I’ve heard people in the security field say that the Israeli method couldn’t scale up to handle our number of travelers. No cite at the moment, I’m on my iPad.
Patrick Smith points out in this Ask the Pilot column that El Al has fewer than forty planes (although the column is five years old, so the numbers may have changed), one hub airport and fewer than three million passengers annually. So their methods wouldn’t work for the much larger and more decentralized American carriers.
I should have specified travel venue.
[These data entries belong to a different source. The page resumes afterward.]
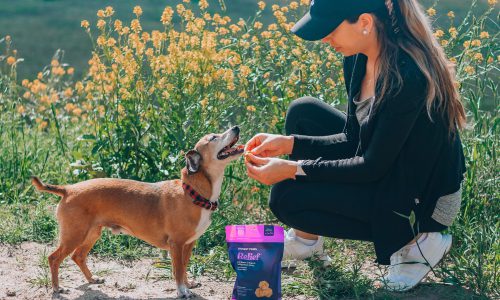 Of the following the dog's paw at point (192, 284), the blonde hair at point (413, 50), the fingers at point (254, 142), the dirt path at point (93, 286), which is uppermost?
the blonde hair at point (413, 50)

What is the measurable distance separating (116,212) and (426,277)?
159 cm

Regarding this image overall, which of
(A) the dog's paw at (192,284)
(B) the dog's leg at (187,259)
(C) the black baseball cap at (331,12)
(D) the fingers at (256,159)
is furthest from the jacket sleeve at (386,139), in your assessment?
(A) the dog's paw at (192,284)

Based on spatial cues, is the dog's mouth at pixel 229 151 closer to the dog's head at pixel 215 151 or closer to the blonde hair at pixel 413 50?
the dog's head at pixel 215 151

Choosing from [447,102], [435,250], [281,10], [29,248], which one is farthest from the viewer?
[281,10]

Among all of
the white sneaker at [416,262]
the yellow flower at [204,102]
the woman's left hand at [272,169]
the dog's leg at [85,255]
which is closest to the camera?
the woman's left hand at [272,169]

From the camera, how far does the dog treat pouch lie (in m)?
3.63

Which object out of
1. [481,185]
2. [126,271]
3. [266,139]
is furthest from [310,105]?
[126,271]

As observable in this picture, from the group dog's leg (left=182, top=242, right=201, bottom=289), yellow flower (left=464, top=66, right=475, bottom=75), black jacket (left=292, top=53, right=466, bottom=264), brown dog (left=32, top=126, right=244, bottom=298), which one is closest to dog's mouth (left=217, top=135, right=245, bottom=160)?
brown dog (left=32, top=126, right=244, bottom=298)

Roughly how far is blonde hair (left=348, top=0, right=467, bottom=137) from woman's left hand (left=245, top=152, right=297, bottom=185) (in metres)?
0.57

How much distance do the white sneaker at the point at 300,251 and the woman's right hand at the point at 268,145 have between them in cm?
51

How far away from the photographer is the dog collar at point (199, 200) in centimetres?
398

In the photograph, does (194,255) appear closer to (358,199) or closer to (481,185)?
(358,199)

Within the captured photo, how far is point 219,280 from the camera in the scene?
13.8 feet

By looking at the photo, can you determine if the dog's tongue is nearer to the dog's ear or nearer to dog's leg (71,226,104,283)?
the dog's ear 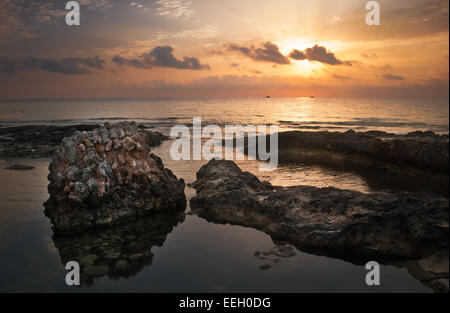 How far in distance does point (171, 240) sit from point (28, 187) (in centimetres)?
964

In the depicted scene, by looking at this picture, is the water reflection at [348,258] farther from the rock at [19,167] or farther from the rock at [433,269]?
the rock at [19,167]

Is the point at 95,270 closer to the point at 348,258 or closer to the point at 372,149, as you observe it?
the point at 348,258

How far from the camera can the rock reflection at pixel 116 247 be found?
8.02m

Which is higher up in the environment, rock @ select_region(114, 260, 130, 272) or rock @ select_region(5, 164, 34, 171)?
rock @ select_region(5, 164, 34, 171)

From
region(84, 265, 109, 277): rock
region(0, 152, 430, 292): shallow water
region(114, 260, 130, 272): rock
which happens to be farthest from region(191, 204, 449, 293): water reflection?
region(84, 265, 109, 277): rock

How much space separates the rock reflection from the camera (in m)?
8.02

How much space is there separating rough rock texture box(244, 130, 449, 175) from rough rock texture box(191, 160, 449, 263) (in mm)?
9465

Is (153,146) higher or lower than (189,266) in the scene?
higher

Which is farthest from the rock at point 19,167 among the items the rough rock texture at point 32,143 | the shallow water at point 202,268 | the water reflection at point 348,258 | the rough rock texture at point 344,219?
the water reflection at point 348,258

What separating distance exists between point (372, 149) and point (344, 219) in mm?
13419

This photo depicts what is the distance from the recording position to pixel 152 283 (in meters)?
7.52

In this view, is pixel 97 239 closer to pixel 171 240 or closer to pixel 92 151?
pixel 171 240

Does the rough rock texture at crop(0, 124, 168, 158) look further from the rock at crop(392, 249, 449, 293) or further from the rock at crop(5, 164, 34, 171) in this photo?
the rock at crop(392, 249, 449, 293) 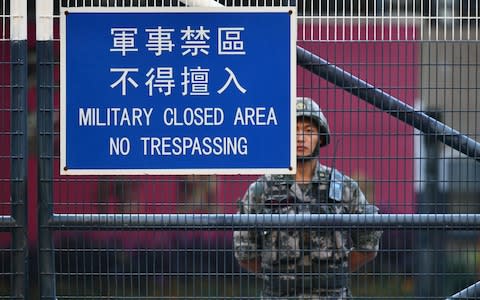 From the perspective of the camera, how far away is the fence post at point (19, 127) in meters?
6.89

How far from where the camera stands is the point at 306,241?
22.9 feet

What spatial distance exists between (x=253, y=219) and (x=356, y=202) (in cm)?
53

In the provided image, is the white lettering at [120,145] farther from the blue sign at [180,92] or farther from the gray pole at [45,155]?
the gray pole at [45,155]

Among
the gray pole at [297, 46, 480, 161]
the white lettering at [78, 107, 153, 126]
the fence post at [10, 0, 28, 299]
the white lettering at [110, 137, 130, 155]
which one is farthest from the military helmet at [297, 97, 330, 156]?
the fence post at [10, 0, 28, 299]

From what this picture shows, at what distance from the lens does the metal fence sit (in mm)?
6824

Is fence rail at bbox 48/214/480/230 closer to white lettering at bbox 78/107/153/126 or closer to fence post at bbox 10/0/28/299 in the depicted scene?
fence post at bbox 10/0/28/299

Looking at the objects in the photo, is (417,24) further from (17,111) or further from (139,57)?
(17,111)

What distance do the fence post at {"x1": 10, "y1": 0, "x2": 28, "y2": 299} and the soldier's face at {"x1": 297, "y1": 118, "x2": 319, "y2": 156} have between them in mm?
1359

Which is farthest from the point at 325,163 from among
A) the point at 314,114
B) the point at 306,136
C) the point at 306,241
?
the point at 306,241

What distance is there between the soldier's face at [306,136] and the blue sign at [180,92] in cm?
25

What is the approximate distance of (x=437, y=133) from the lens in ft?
22.4

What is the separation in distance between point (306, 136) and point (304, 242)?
529 mm

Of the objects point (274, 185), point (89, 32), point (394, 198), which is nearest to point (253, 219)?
point (274, 185)

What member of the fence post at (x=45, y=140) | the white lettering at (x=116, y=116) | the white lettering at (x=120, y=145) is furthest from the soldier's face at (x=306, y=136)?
the fence post at (x=45, y=140) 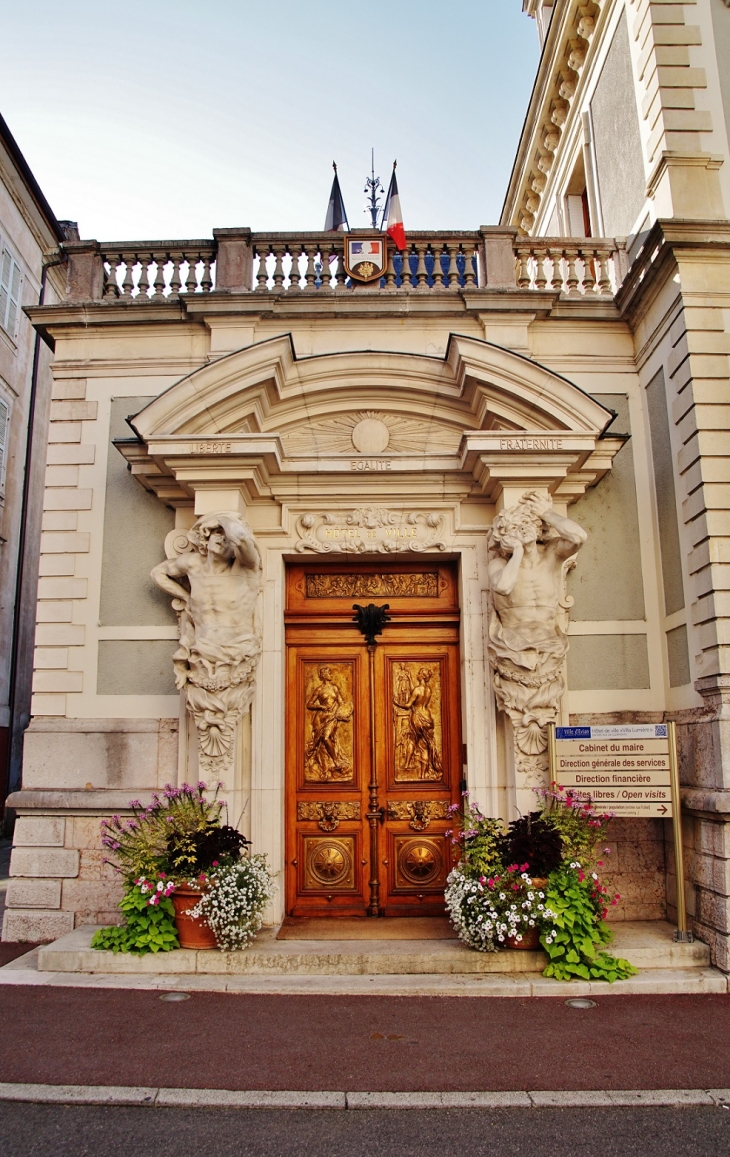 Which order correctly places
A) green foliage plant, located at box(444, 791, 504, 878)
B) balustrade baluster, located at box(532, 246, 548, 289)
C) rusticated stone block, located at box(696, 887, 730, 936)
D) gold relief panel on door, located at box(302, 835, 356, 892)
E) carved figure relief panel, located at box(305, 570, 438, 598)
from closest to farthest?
rusticated stone block, located at box(696, 887, 730, 936)
green foliage plant, located at box(444, 791, 504, 878)
gold relief panel on door, located at box(302, 835, 356, 892)
carved figure relief panel, located at box(305, 570, 438, 598)
balustrade baluster, located at box(532, 246, 548, 289)

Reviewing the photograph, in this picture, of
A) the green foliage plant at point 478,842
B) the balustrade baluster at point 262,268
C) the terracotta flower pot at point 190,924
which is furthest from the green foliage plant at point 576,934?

I assumed that it would be understood considering that were we talking about the TSA. I’ll agree that searches are quite reasonable when entering a detention facility where there is a high known population of felons who will go to great lengths to acquire just about anything.
But whether you’re boarding a plane, train, bus, or ferry, there is no justification for unreasonable levels of scrutiny and inconvenience. Walking through a metal detector and past drug and explosive sniffing dogs while your carryon goes through an x-ray machine is more than adequate screening. What is frisking, random or otherwise, adding besides a cheap thrill for the frisker? What has a TSA frisking ever uncovered that would be a serious threat aboard an airline? Or even a threat at all? My Google-fu seems to be failing because all I’m coming up with are tales of frisked 6 year olds, infants, and nuns.
ETA: A serious threat to an airline with a sealed cockpit. I’m aware that there are polymer knives that won’t set off metal detectors.
The intellectual fallacy harbored by the TSA is its avowed zero tolerance policy for any level of risk of an aircraft being bombed. That’s an impossible standard and at odds with the airline industry’s practice in every other area, e.g., a plane crashing due to bad weather. A shoe bomb or an underpants bomb might possibly bring down an airliner, but so might wind shear or a microburst at the ruway.
They can’t say they’re preventing another 9-11, because a repeat of that plot has been rendered impossible by passenger awareness, changes in onboard procedures and the simple expedient of reinforcing the cockpit door.
In view of the acceptable levels of risk carried by airlines every day, the TSA serves literally no purpose at all except to perpetuate its own power. And to provide cover for politicians too cowardly to admit the above reality.